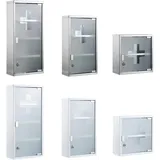 Zedelmaier Medizinschrank Abschließbarer Medizinschrank aus Edelstahl,Medikamentenschrank (YX2001) Magnetverschluss, Kindersicher, abschließbar mit 2 Enden silberfarben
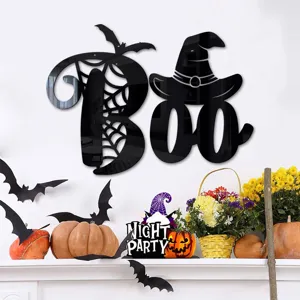 Halloween 3D Acryl Spiegel Wandaufkleber mit BOO, Spinnennetz und Hexenhut Design Deko.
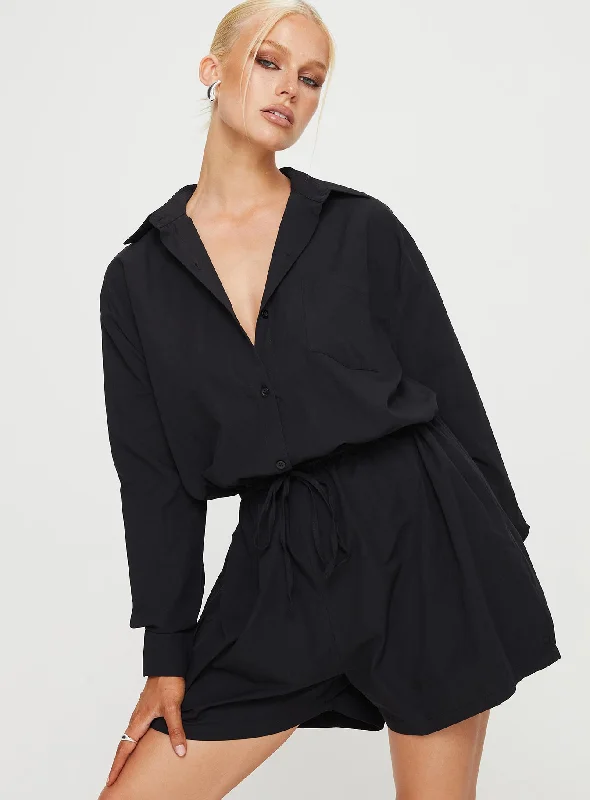 Enlighten Me Long Sleeve Romper Black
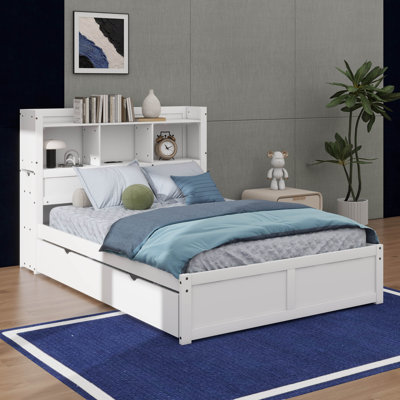 Lit plateforme double avec tablettes coulissantes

What this task involves
Every line above should be duplicated exactly; the pictures are to be left out.

Answer for this exercise
 Zedelmaier Medizinschrank Abschließbarer Medizinschrank aus Edelstahl,Medikamentenschrank (YX2001) Magnetverschluss, Kindersicher, abschließbar mit 2 Enden silberfarben
 Halloween 3D Acryl Spiegel Wandaufkleber mit BOO, Spinnennetz und Hexenhut Design Deko.
 Enlighten Me Long Sleeve Romper Black
 Lit plateforme double avec tablettes coulissantes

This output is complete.